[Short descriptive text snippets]
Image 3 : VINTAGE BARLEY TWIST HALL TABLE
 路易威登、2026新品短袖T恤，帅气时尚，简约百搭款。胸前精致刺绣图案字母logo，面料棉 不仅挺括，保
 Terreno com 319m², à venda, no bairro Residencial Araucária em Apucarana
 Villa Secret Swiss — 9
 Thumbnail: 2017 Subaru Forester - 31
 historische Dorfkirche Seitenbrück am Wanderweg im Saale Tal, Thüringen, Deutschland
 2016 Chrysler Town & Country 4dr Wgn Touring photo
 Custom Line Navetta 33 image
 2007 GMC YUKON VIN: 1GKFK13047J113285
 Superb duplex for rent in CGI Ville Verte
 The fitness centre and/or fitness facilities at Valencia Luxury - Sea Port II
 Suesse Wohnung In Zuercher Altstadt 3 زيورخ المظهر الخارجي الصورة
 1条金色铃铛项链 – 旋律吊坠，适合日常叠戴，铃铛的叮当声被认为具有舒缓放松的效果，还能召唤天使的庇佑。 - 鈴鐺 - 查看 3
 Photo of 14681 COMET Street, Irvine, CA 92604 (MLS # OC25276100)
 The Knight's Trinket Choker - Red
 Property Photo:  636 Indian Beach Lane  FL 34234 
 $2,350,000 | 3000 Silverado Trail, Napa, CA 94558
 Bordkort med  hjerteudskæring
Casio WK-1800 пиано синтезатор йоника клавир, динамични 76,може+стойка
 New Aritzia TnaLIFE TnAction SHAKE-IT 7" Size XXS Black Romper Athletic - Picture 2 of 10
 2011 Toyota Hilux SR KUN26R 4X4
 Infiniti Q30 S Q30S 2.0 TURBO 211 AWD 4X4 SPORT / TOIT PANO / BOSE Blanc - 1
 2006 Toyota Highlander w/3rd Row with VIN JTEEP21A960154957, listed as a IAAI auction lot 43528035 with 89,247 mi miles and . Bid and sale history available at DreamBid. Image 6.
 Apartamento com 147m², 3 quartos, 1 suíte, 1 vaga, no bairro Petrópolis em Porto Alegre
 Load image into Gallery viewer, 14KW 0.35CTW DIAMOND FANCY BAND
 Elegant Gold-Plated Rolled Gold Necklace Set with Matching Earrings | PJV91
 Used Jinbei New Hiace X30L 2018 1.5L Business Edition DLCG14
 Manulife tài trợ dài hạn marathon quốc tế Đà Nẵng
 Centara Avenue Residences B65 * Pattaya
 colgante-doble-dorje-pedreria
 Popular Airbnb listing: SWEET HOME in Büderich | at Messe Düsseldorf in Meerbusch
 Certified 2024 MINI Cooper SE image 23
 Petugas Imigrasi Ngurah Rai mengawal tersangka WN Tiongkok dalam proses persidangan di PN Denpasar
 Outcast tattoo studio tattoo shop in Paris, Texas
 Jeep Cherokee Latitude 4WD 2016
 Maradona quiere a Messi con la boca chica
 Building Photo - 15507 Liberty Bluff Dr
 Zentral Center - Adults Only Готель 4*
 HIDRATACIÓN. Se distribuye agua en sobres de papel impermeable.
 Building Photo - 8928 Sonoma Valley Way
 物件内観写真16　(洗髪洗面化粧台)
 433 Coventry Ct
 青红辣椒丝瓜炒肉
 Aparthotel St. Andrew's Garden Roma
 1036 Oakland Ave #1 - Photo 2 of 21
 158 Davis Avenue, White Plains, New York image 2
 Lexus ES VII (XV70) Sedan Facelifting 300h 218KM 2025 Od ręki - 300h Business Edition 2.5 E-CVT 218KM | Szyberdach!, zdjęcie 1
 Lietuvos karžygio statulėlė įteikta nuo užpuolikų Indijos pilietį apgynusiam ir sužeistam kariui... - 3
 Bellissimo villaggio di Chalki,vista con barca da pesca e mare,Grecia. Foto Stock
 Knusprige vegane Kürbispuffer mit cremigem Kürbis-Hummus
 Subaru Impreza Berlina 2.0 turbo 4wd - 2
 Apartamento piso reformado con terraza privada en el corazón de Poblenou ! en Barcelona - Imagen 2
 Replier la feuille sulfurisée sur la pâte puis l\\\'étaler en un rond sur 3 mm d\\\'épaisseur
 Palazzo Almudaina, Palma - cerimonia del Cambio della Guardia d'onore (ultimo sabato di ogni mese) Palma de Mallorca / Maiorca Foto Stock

▶ _The task_:
Retype the entries precisely as they stand.

▶ _Your response_:
Image 3 : VINTAGE BARLEY TWIST HALL TABLE
 路易威登、2026新品短袖T恤，帅气时尚，简约百搭款。胸前精致刺绣图案字母logo，面料棉 不仅挺括，保
 Terreno com 319m², à venda, no bairro Residencial Araucária em Apucarana
 Villa Secret Swiss — 9
 Thumbnail: 2017 Subaru Forester - 31
 historische Dorfkirche Seitenbrück am Wanderweg im Saale Tal, Thüringen, Deutschland
 2016 Chrysler Town & Country 4dr Wgn Touring photo
 Custom Line Navetta 33 image
 2007 GMC YUKON VIN: 1GKFK13047J113285
 Superb duplex for rent in CGI Ville Verte
 The fitness centre and/or fitness facilities at Valencia Luxury - Sea Port II
 Suesse Wohnung In Zuercher Altstadt 3 زيورخ المظهر الخارجي الصورة
 1条金色铃铛项链 – 旋律吊坠，适合日常叠戴，铃铛的叮当声被认为具有舒缓放松的效果，还能召唤天使的庇佑。 - 鈴鐺 - 查看 3
 Photo of 14681 COMET Street, Irvine, CA 92604 (MLS # OC25276100)
 The Knight's Trinket Choker - Red
 Property Photo:  636 Indian Beach Lane  FL 34234 
 $2,350,000 | 3000 Silverado Trail, Napa, CA 94558
 Bordkort med  hjerteudskæring
Casio WK-1800 пиано синтезатор йоника клавир, динамични 76,може+стойка
 New Aritzia TnaLIFE TnAction SHAKE-IT 7" Size XXS Black Romper Athletic - Picture 2 of 10
 2011 Toyota Hilux SR KUN26R 4X4
 Infiniti Q30 S Q30S 2.0 TURBO 211 AWD 4X4 SPORT / TOIT PANO / BOSE Blanc - 1
 2006 Toyota Highlander w/3rd Row with VIN JTEEP21A960154957, listed as a IAAI auction lot 43528035 with 89,247 mi miles and . Bid and sale history available at DreamBid. Image 6.
 Apartamento com 147m², 3 quartos, 1 suíte, 1 vaga, no bairro Petrópolis em Porto Alegre
 Load image into Gallery viewer, 14KW 0.35CTW DIAMOND FANCY BAND
 Elegant Gold-Plated Rolled Gold Necklace Set with Matching Earrings | PJV91
 Used Jinbei New Hiace X30L 2018 1.5L Business Edition DLCG14
 Manulife tài trợ dài hạn marathon quốc tế Đà Nẵng
 Centara Avenue Residences B65 * Pattaya
 colgante-doble-dorje-pedreria
 Popular Airbnb listing: SWEET HOME in Büderich | at Messe Düsseldorf in Meerbusch
 Certified 2024 MINI Cooper SE image 23
 Petugas Imigrasi Ngurah Rai mengawal tersangka WN Tiongkok dalam proses persidangan di PN Denpasar
 Outcast tattoo studio tattoo shop in Paris, Texas
 Jeep Cherokee Latitude 4WD 2016
 Maradona quiere a Messi con la boca chica
 Building Photo - 15507 Liberty Bluff Dr
 Zentral Center - Adults Only Готель 4*
 HIDRATACIÓN. Se distribuye agua en sobres de papel impermeable.
 Building Photo - 8928 Sonoma Valley Way
 物件内観写真16　(洗髪洗面化粧台)
 433 Coventry Ct
 青红辣椒丝瓜炒肉
 Aparthotel St. Andrew's Garden Roma
 1036 Oakland Ave #1 - Photo 2 of 21
 158 Davis Avenue, White Plains, New York image 2
 Lexus ES VII (XV70) Sedan Facelifting 300h 218KM 2025 Od ręki - 300h Business Edition 2.5 E-CVT 218KM | Szyberdach!, zdjęcie 1
 Lietuvos karžygio statulėlė įteikta nuo užpuolikų Indijos pilietį apgynusiam ir sužeistam kariui... - 3
 Bellissimo villaggio di Chalki,vista con barca da pesca e mare,Grecia. Foto Stock
 Knusprige vegane Kürbispuffer mit cremigem Kürbis-Hummus
 Subaru Impreza Berlina 2.0 turbo 4wd - 2
 Apartamento piso reformado con terraza privada en el corazón de Poblenou ! en Barcelona - Imagen 2
 Replier la feuille sulfurisée sur la pâte puis l\\\'étaler en un rond sur 3 mm d\\\'épaisseur
 Palazzo Almudaina, Palma - cerimonia del Cambio della Guardia d'onore (ultimo sabato di ogni mese) Palma de Mallorca / Maiorca Foto Stock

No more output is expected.